Compact Hausdorff space is metrizable if there countable separating continuous functions

Question

Proposition: Let $X$ be a compact Hausdorff space. Suppose there are countable real valued continuous functions $\{f_n\}_{n \in \mathbb{Z}_+}$ separating $X$ i.e. for all $x, y \in X$ with $x \neq y$, $\exists k:=k(x,y) \in \mathbb{Z}_+$, $f_k(x)\neq f_k(y)$. Let $$ d(x,y):=\sum_{n=1}^\infty \frac{\min\{|f_n(x)-f_n(y)|, 1\}}{2^n} $$ Then $X$ is metrizable by $d$.

I want to prove that, for all open set $U$ and $x \in U$, there exists $B(x;r)$ s.t. $B(x;r)\subset U$ and for all $B(x;r)$, there exists an open set $U$ s.t. $U\subset B(x;r)$. Here, $B(x;r):=\{y\in X| d(x,y)<r\}$. I know $B(x;r)\supset \bigcap_{n \in \mathbb{Z}_+} \{y \in X |f_n(x)-f_n(y)|<r\}$, but right term is not open.

How to prove this proposition?

Answer 1

I'll denote $\Bbb Z^+$ by $\omega$.

$\mathbb{R}^{\omega}$ (in the product topology) is metrisable by the metric $$D((x_n), (y_n))=\sum_{n \in \omega} \frac{\min(|x_n-y_n|, 1)}{2^n}$$ as is well-known, e.g. see my answer here.

Then from the $f_n$ we define $F: X \to \mathbb{R}^\omega$ by $F(x)=(f_n(x))_{n \in \omega}$ and note that $F$ is continuous as $\pi_n \circ F = f_n$ is continuous for all $n$ and where $\pi_n$ is the projection onto the $n$-th coordinate. This follows from the characterisation of the product topology as the smallest topology that makes all pprojections continuous, and is a standard fact proved in many text books.

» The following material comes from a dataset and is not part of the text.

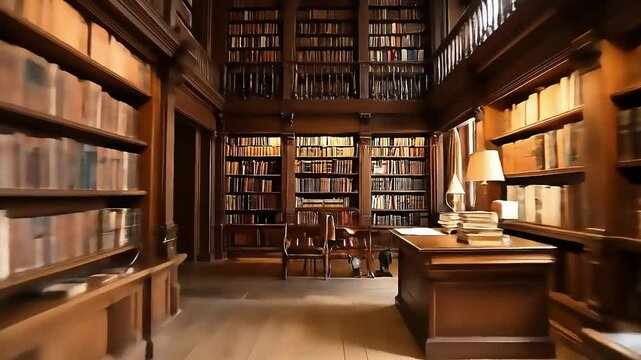Explore an expansive library filled with antique books, offering a glimpse into scholarly knowledge and classic literature.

The fact that the $f_n$ separate points means exactly that $F$ is injective (1-1).

So $F: X \to F[X]$ is a continuous bijection between a compact space and a Hausdorff space (metric implies Hausdorff) and so $X$ is homeomorphic to $F[X]$ and the pulled-back metric of $F[X]\subseteq (\mathbb{R}^\omega, D)$ to $X$ is exactly $d(x,y)=D(F(x), F(y))$ and as $D$ is a metric for $F[X]$ and $F$ is a homeomorphism, $d$ (i.e. your metric on $X$) is a metric for $X$, as required.

E.g. $B_d(x,r) = F^{-1}[B_D(F(x),r)]$ so $d$-open balls are open and inverse images of a base under a homeomorphism form a base etc.

Answer 2

Here's another proof, for fun.

Fix $x\in X$. The function $d_x(y)=d(x,y)$ is continuous as the partial sums $$\sum_{n=1}^N\frac{\min\{|f_n(x)-f_n(y)|, 1\}}{2^n}$$ converge uniformly to $d_x(y)$ and are each continuous. It follows that $\epsilon$-balls $B_\epsilon(x):=\{y\in X: d(x,y)<\epsilon \} $ are open, so all that remains to be shown is that each neighborhood $U$ of $x$ contains some $\epsilon$-ball about $x$. Suppose not, in which case $d_x(U^c)$ would contain some sequence $\alpha_n\to 0$. Consider then some sequence $\{x_n\}\subset U^c$ with $d_x(x_n)=\alpha_n$, and, noting $X$ is compact, reduce to a convergent subsequence with $x_n\to y$. Then, $d_x(y)=\lim_n d_x(x_n)=0$ so $x=y$ as $d$ is a metric. This implies $x_n$ is eventually in every neighborhood of $x$; in particular, eventually in $U$, a contradiction.